You can use this chart to calculate approximate probability of a specification in a unit; for example, for TLV6742,
the typical input voltage offset is 150 µV, so 68.2% of all TLV6742 devices are expected to have an offset from
–150 µV to 150 µV.
Specifications with a value in the minimum or maximum column are assured by TI, and units outside these limits
will be removed from production material. For example, the TLV6742 device has a maximum offset voltage of 1.0
mV at 25°C, and even though this corresponds to 5 σ (≈1 in 1.7 million units), which is extremely unlikely, TI
assures that any unit with a larger offset than 1.0 mV will be removed from production material.

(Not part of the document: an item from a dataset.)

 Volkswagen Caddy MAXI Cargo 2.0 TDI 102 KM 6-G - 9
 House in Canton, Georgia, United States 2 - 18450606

For specifications with no value in the minimum or maximum column, consider selecting a sigma value of
sufficient guardband for your application, and design worst-case conditions using this value. For example, the 6σ
value corresponds to about 1 in 500 million units, which is an extremely unlikely chance, and could be an option
as a wide guardband to design a system around. In this case, the TLV6742 does not have a maximum or
minimum for offset voltage drift, but based on Figure 40 and the typical value of 0.16 µV/°C in the Electrical
Characteristics table, it can be calculated that the 6-σ value for offset voltage drift is about 0.96 µV/°C. When
designing for worst-case system conditions, this value can be used to estimate the worst possible offset across
temperature without having an actual minimum or maximum value.
However, process variation and adjustments over time can shift typical means and standard deviations, and
unless there is a value in the minimum or maximum specification column, TI cannot assure the performance of a
device. This information should be used only to estimate the performance of a device.
8.3.7 Shutdown Function
The TLV674xS devices feature SHDN pins that disable the op amp, placing it into a low-power standby mode. In
this mode, the op amp typically consumes less than 1 µA. The SHDN pins are active-low, meaning that
shutdown mode is enabled when the input to the SHDN pin is a valid logic low.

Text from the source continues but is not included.